Sensation & Perception, 4e

Show Navigation

Monocular Depth Cues

Introduction

When you look at the photograph at left (of the Hawthorne Bridge crossing the Willamette River in Portland, Oregon), you get a compelling sense of depth—a sense that the various objects in the picture are at different distances from you—despite the fact that you’re really just looking at an array of light specks on your computer monitor, all of which are exactly the same distance from your eyes.

We infer object distances in photos using pictorial depth cues. Like the Gestalt principles we learned about in Chapter 4, no single depth cue is always available or always reliable, but by combining multiple pictorial cues, we are usually able to parse depth relations pretty well.

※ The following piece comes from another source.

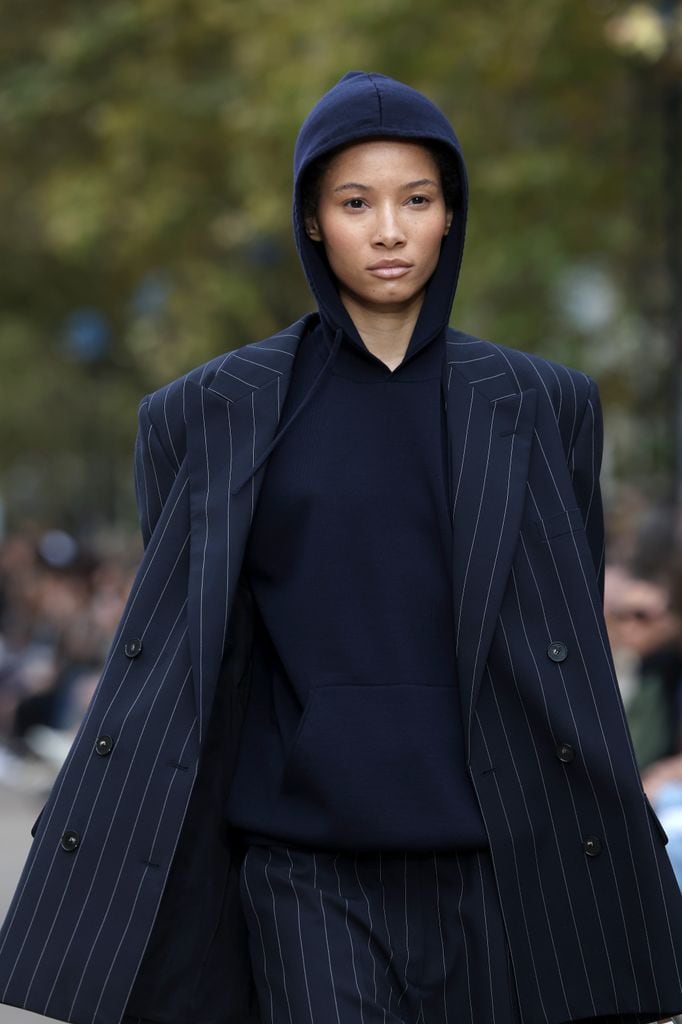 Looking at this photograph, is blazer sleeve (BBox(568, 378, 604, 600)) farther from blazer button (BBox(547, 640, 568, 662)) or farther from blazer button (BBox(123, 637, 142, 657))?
blazer button (BBox(123, 637, 142, 657))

We’ll cover seven pictorial cues in this activity: occlusion, relative size, familiar size, relative height, texture gradients, linear perspective, and aerial perspective.

The pictorial depth cues are a subset of our collection of monocular depth cues: cues that we need only one eye to use. The other two monocular cues we’ll cover in this activity are motion parallax and accommodation/convergence.

The other major depth cue, stereopsis, is binocular (you need both eyes to use it). Binocular vision and stereopsis will be the subject of the other three activities in this chapter.

Instructions

Click on the image links within the text of each page to see all images. The first time you do this activity, you should probably go through the parts in order from top to bottom.

Occlusion

Occlusion is probably the most pervasive and most reliable of all the depth cues. It is also perhaps the simplest: If part of object A is covering part of object B, A is almost certainly closer to you than B. In Image 1, we perceive the bicycle to be in front of the railing because the bicycle’s parts cover the railing’s metal tubes.

Image 2 shows another example in a more complex scene, a cityscape from Boston, Massachusetts. Here we perceive two clusters of tall buildings in the distance, one on the left and one on the right. In each cluster, one building is clearly perceived to be behind the rest because of occlusion: The John Hancock building on the left and the Prudential building on the right. Image 3 highlights the occlusion relations, and makes it clear that we also perceive the trees as being closer to us than the skyscrapers because they occlude the buildings.

Image 4 shows the Portland street scene again. Can you identify the places in the scene where occlusion allows us to disambiguate the depth relations? Image 5 highlights some of them.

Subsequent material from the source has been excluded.